Work instructions: Reprint each record exactly. Pictures are not reprinted.

Information provided:
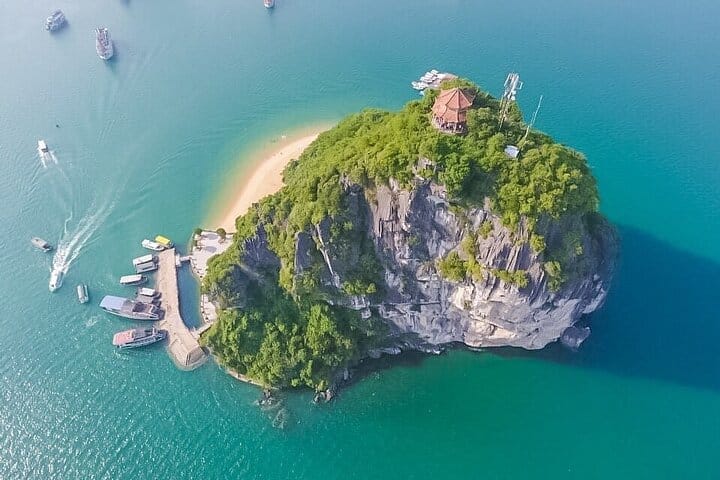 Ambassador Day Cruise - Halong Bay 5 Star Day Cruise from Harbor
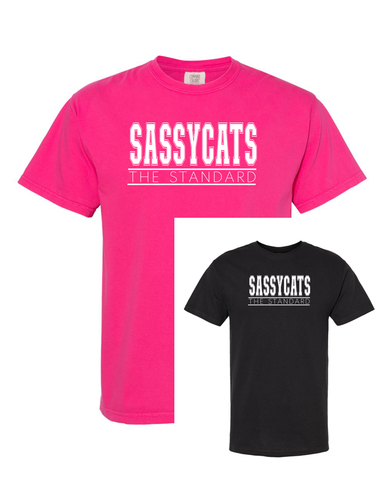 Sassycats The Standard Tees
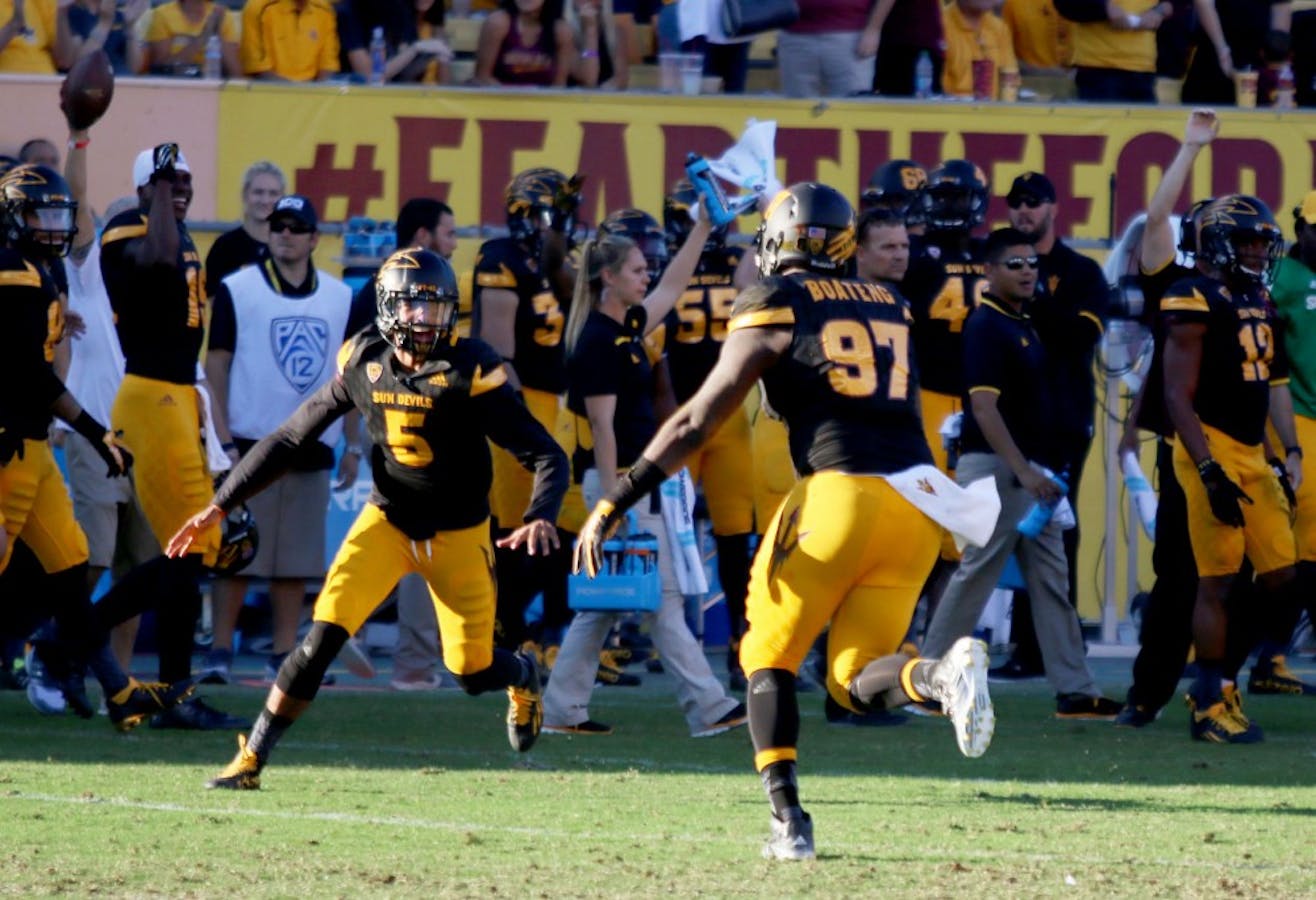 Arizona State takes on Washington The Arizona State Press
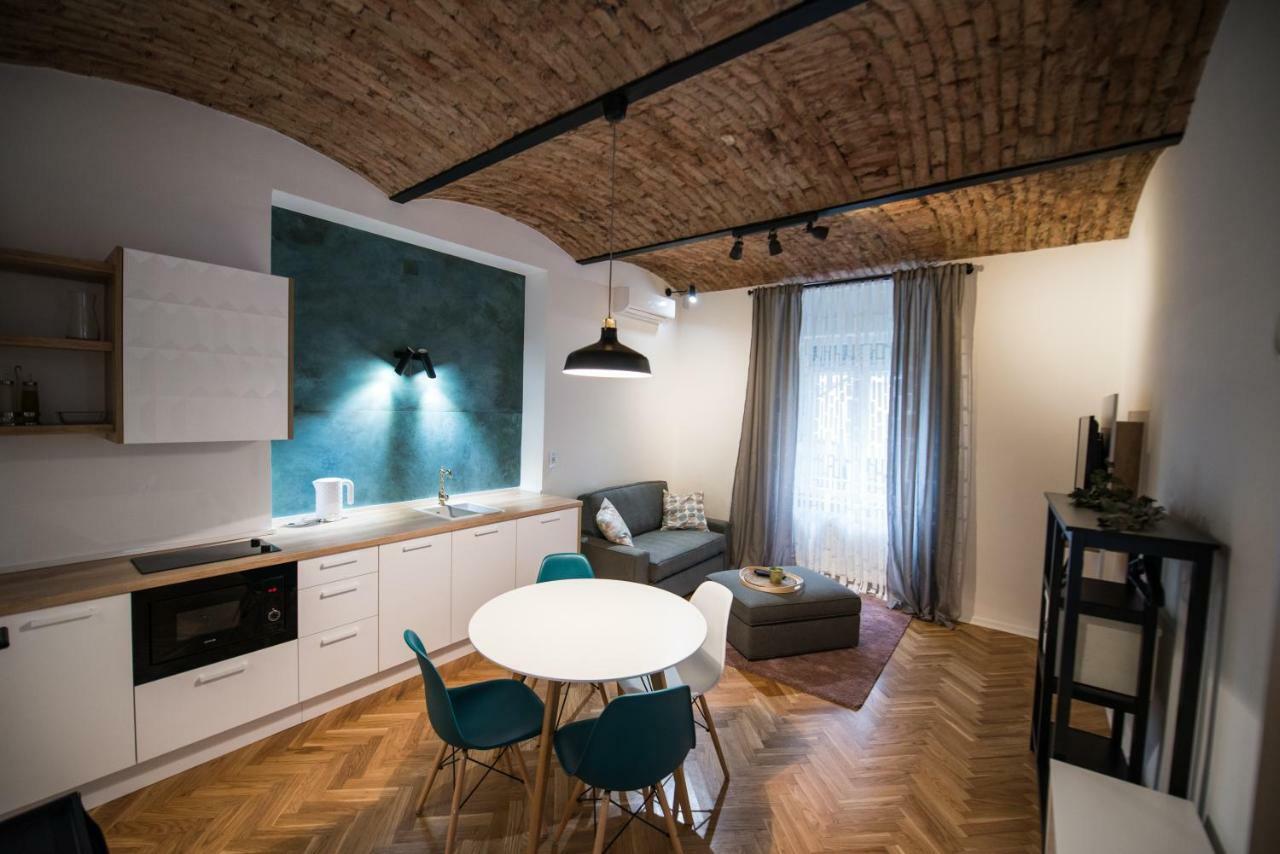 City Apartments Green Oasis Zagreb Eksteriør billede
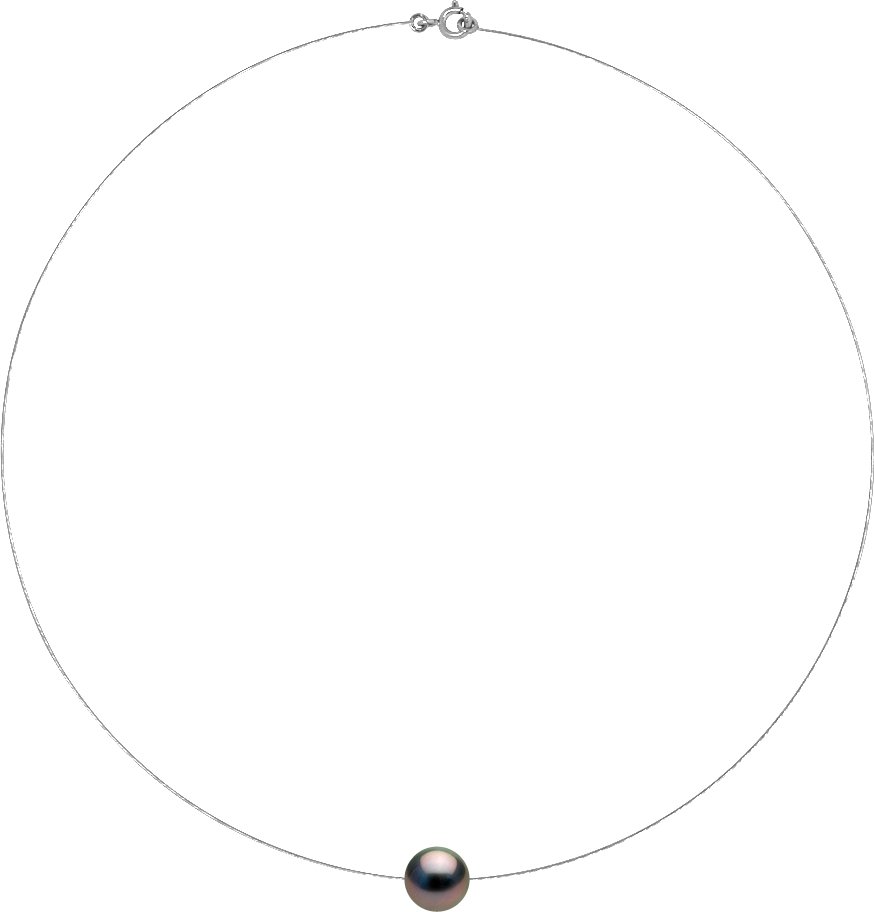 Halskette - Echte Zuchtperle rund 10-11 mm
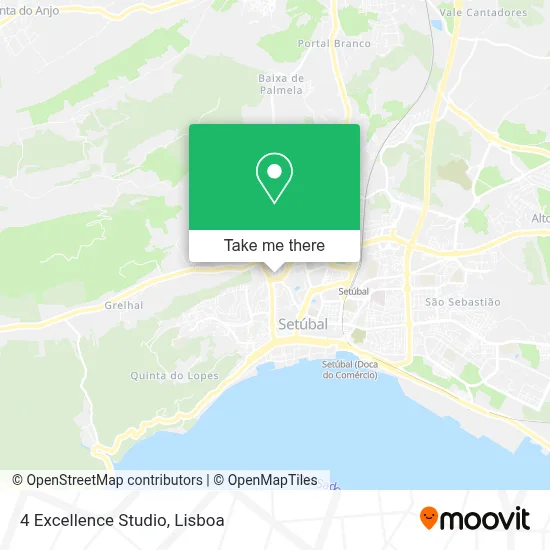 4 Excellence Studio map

Task response:
 Ambassador Day Cruise - Halong Bay 5 Star Day Cruise from Harbor
 Sassycats The Standard Tees
 Arizona State takes on Washington The Arizona State Press
 City Apartments Green Oasis Zagreb Eksteriør billede
 Halskette - Echte Zuchtperle rund 10-11 mm
 4 Excellence Studio map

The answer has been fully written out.